As a college student working as a waitress, I understand the value of every dollar earned. With a job that depends heavily on tips, my income is often inconsistent and limited. That’s why credit card rewards have been a lifeline for me. I rely on these rewards points to save money, especially when it comes to purchasing gas. By utilizing these points to reduce the price at the pump, I am able to stretch my limited funds further, enabling me to keep up with the ever-increasing costs of commuting to work and college.

Moreover, as a student living away from family, the rewards points I have accumulated through responsible credit card usage have made it possible for me to visit my loved ones during holidays and special occasions. The ability to redeem these points for discounted airfare has allowed me to maintain a vital connection with my family despite the financial limitations I face. The thought of losing this opportunity due to the proposed elimination of rewards points is deeply distressing.

It is disheartening to learn that the U.S. Senate is considering measures that would eliminate rewards points. This move, seemingly disguised as a bail out for big-box stores, will have a devastating impact on consumers like me, who rely on these benefits to cope with the challenges of limited financial resources and irregular income. While big-box stores may argue that interchange fees burden them, it is the consumers who will bear the brunt if rewards programs are eliminated.

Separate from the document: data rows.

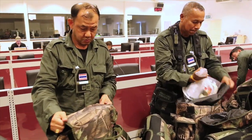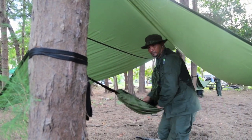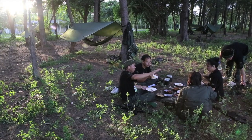The participants were equipped with ration packs and field equipment as regularly used by rangers on patrol. The day concluded with an overnight stay in the forest, giving participants a chance to apply their new skills and better understand field conditions faced by anti-poaching patrol teams.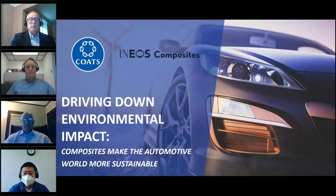Hello and welcome to this COATScast: driving down environmental impact — composites make the automotive world more sustainable, in partnership with INEOS.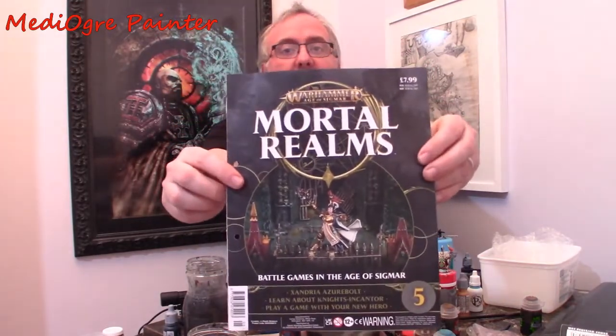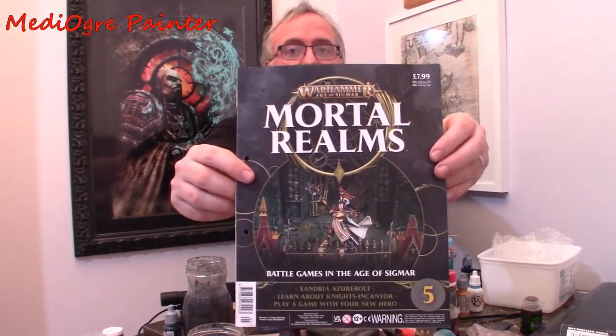I think it's better to actually pick and choose the issues that you really want, because individual issues can represent a substantial saving. They are stock Games Workshop models on these issues. This one in particular — issue five — is Andrya Azyrbolt, who's a Knight-Incantor, and that's £7.99. Try and buy a Knight-Incantor retail and you're going to be paying more than that.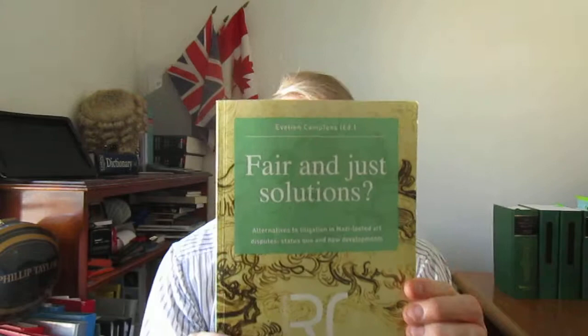My wife Elizabeth and I have discussed this book, which I'll show you in a moment, and we've given it the title Revealed: the current state of play on the legal problems surrounding the restitution of Nazi looted art. Here is the book — it's got a very nice cover at the front. You can see the title and Eleven Publishing. There's the spine, and then there is the back of the book with some detail about what's actually in it.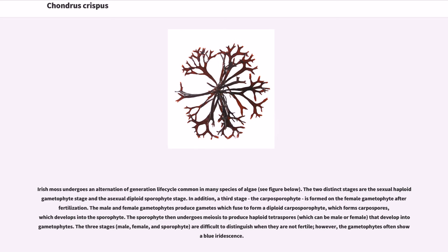The three stages — male, female, and sporophyte — are difficult to distinguish when they are not fertile; however, the gametophytes often show a blue iridescence.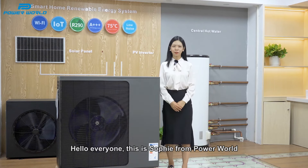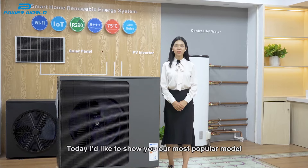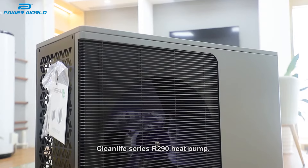Hello everyone, this is Sophie from PowerWorld. We are a manufacturer of heat pumps with 20 years of experience. Today I would like to show you our most popular model, the CleanLife series R290 heat pump.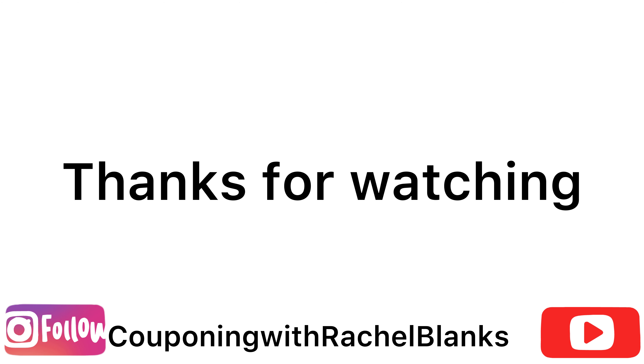So guys, I want to thank you so much for watching. If you are not following me on Instagram, please go on over and follow my Instagram page. Thank you guys so much for watching and I'll see you in my next video. Bye!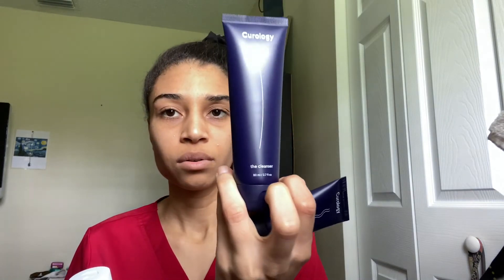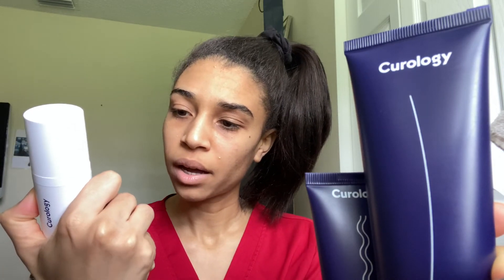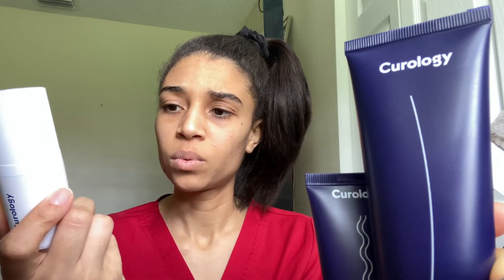This one is your cleanser, and it also tells you everything on the pamphlet you get inside. So you've got your cleanser, your moisturizer — those two are day and night — and then you have your medication, which is an RX. It tells you who the doctor is on the packaging. Mine has niacinamide 4%, clindamycin 1%, and zinc 0.25%, and this is only used at night.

The move to eliminate rewards points not only disregards the needs of financially constrained individuals but also creates an unfair advantage in favor of big-box stores. Instead of completely doing away with rewards programs, I urge the U.S. Senate to explore alternative solutions that address the concerns of both big-box retailers and consumers. Finding a balanced approach will ensure that rewards points continue to serve as a vital resource, benefiting consumers while supporting the growth of businesses.

I implore the lawmakers in the U.S. Senate to reconsider this decision and take into account the voices of young individuals who, like me, rely on rewards points to save money on essential expenses like gas and to maintain connections with loved ones through affordable travel options. It is crucial to prioritize the interests of consumers and promote financial inclusivity and accessibility, rather than providing unnecessary bailouts to big box stores at the expense of young individuals like me.